"Çamura batmış bir ilişki izliyoruz."
Filmi izlemeye başladığımız ilk dakikalardan itibaren yönetmenin ikilemini az çok anlayabiliyoruz. Her ne kadar yönetmen, Sibirya'yı elde edebilmek için buna dahil edebileceği bir isme ihtiyaç duysa da -ve bana göre her ne kadar bu doğru bir isim olsa da- ne yazık ki sinema eleştirmenleri tarafından, "Keanu Reeves" ismi ve onun hakkında sahip olabileceğimiz, herhangi bir niteliğin üstesinden gelmesi beklenen karizması ile ana kahraman "Lucas Hill" performansı istenilen kalitede bulunmamıştır.
Keanu'nun biyografisine bakarak yaşamış olduğu zihinsel-hissel zirveleri ve dipleri takibe aldığınızda, yaşadıklarından sonra hoşlanacağınız bir dünya görüşüne ulaştığını bakışlarından bile anlayabiliyorsunuz. Baş karakter Lucas'ı zorlama açısından gereken derinliği sağlayamadığı konusunda maalesef biz de eleştirmenlere katılıyoruz. Sadece Keanu'nun performansı değil, bariz bir şekilde göze çarpan uyumsuzluk yüzünden de gerçekleşiyor bu durum.
Diğer karakter Ana Ularu, düz bir estetik sunar. Minimal bir kimya ile mücadelesini sürdürür ve hikayenin aşk yükünü omuzlamak zorunda kalır. Ancak bunun bir dezavantaj olarak göze çarpmasına rağmen, "Sibirya" etkili bir gerginlik örneği sunuyor. Karşımıza çıkan kötü adam Boris, St. Petersburgh'taki bir anlaşmayı sonuçlandırmak için Amerikalı elmas tüccarıyla bir buluşma sağlar ancak ortağı elmaslarla birlikte kaçtıktan sonra Lucas ve ekibi için kalan tek seçenek, kaçağı takip edip malları geri getirmek ve cezalandırmaktır.
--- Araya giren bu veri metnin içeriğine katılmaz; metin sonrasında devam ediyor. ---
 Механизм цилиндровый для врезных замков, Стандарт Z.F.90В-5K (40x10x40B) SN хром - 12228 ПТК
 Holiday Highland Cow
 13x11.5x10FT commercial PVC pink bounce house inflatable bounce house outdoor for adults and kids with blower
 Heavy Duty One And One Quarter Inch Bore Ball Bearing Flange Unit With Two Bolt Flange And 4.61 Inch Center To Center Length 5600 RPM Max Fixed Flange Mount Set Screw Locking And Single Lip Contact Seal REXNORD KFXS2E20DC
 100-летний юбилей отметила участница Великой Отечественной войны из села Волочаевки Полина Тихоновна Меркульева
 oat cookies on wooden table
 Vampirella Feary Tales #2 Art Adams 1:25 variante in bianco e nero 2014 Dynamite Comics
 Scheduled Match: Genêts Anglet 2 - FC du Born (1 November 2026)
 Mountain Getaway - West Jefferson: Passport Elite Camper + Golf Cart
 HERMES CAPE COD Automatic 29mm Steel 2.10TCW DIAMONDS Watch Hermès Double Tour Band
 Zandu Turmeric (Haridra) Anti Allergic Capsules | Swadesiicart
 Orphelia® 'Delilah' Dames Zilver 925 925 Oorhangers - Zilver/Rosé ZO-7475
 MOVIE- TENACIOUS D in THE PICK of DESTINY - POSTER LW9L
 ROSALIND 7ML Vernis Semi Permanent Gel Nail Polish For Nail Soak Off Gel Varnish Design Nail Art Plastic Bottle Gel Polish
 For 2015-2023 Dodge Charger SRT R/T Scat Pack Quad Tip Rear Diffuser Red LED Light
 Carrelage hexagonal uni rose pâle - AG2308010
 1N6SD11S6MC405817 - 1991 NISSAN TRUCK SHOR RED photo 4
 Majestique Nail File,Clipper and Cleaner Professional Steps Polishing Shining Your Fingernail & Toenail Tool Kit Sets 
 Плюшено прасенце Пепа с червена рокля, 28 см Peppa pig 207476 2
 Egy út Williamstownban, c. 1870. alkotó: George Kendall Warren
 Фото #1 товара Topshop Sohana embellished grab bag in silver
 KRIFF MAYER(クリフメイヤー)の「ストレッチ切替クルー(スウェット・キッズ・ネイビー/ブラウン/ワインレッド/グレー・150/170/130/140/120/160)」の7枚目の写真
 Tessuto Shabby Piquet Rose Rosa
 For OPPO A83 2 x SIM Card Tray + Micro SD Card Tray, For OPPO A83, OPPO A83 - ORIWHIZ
Büyük ve zorlu bir takibe zorlanan Lucas kendini hiç bilmediği ve haritada yerini bile bulamayacağı bir coğrafyada, Sibirya'nın o soğuk beyaz iklimindeki küçük bir kasabada bulur. Kafe sahibi Katya ile tanışana kadar zor ve soğuk geçen işi bırakma düşünceleri içerisinde debelenip durur. Ardından kar beyazı güzelliğe sahip Katya, kahramanımızın ilgisini çeker ancak bilinmeyen bir sır ise Katya'nın evli olduğu gerçeğidir.
"Çıkmazlar ve belirsizlikler içinde kalmış bir adam."
Sibirya için atfedilmeyen bir kalite ise öngörülebilirliktir; aksiyon filmi severleri yabancılaştırmaktan korktuğu için birçok filmin aşabileceği barikatın kaçınılmaz olan zorluğudur. Filmin, ana karakterinin çirkin tarafını gösterme isteğini de takdir ediyoruz, her ne kadar başlangıçta Lucas'ın oldukça mülayim ve geleneksel bir tür olduğunu varsaysak da. Yakın zamanda da ahlaki olmayan davranışlara istekli ve yetenekli biri olduğunu öğreniyoruz.
"O kurtuluşa ihtiyacı olduğunu fark ettiğinde artık, onun için çok geçtir."
Sibirya neredeyse iki türden oluşuyor: Şehir dışında küçük bir kasaba ve gangsterler. Uluslararası suçlar ve sahte elmaslar hakkında açık bir tuzağa çekilmiş bir şehirlinin, kuzeyin o dondurucu soğuğuna maruz kalma hikayesi. Keanu Reeves, hem aksiyon hem aşk hikayesini sabit bir karakter çizgisi sunan performansı ile özetliyor ve tek yöne doğru kaydığını doğruluyor.